[Your objective]: Only an exact repetition of the lines from the one holding "Quan la paella" to the end of the data is wanted, with pictures left out.

[Crawled caption data]:

- - -

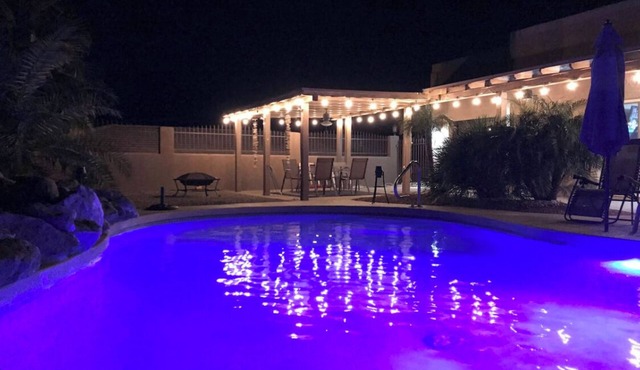 Relaxing Pool Home! Spacious 3 BR Home with Private Pool Minutes Away from Lake
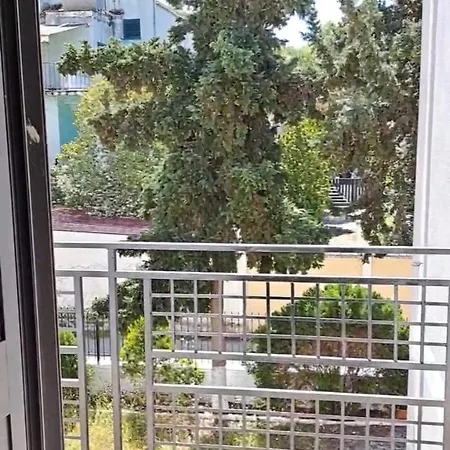Vila Xhelili *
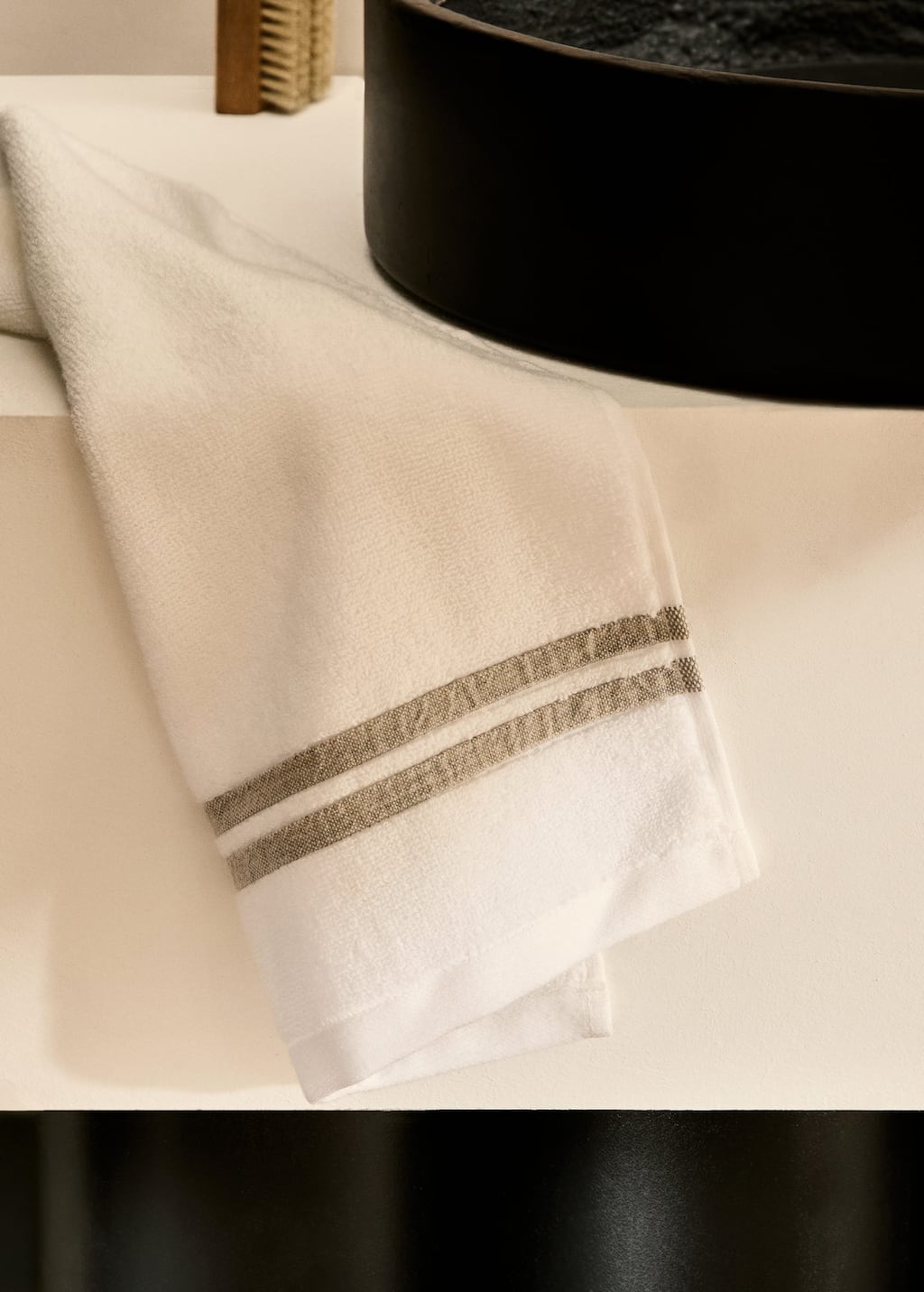 Mango Home Contrast Linen Valance Towel Off White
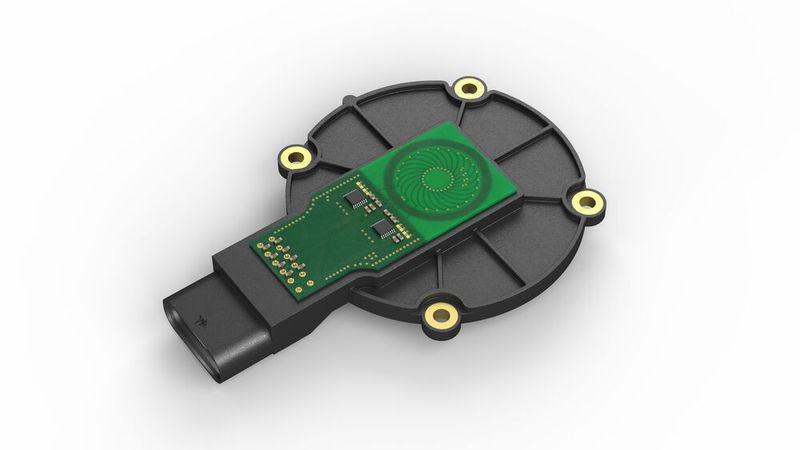 Bild 1: Ein induktver Rotorlagesensor: Seine Funktion darf von den elektromagnetischen Störungen anderer Geräte und Systeme an Bord nicht beeinträchtigt werden.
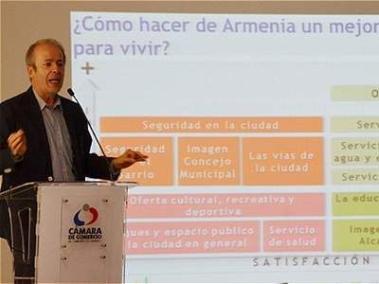 El director de operaciones de IPSOS Napolén Franco, Javier Restrepo presentó los resultados de la primera encuesta en Armenia.
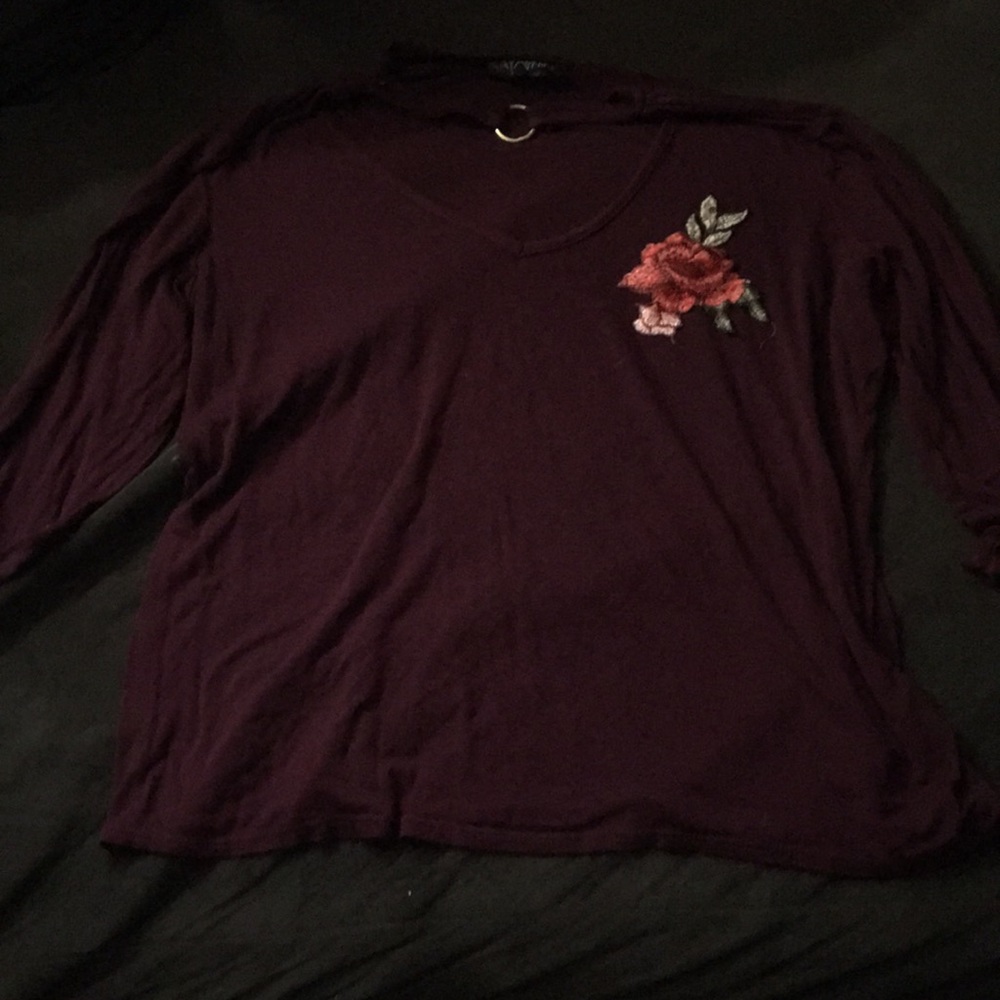 long sleeve t-shirt w/ choker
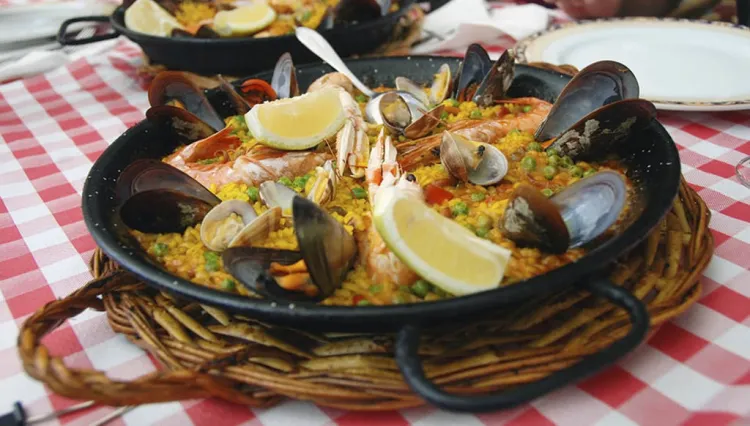 Quan la paella és paella i quan és arròs amb coses?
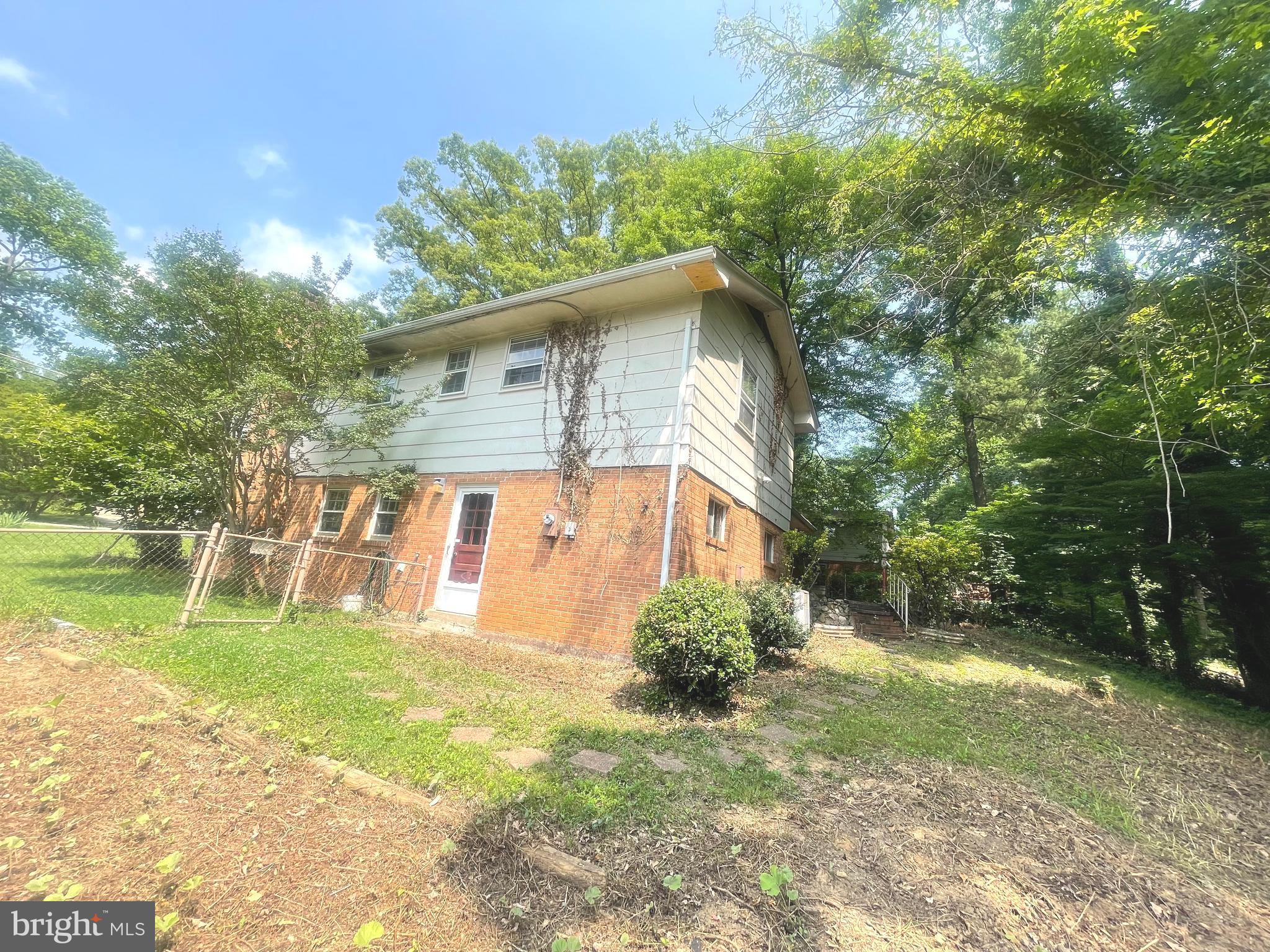 TALL OAKS - Residential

- - -

[Exercise answer]:
 Quan la paella és paella i quan és arròs amb coses?
 TALL OAKS - Residential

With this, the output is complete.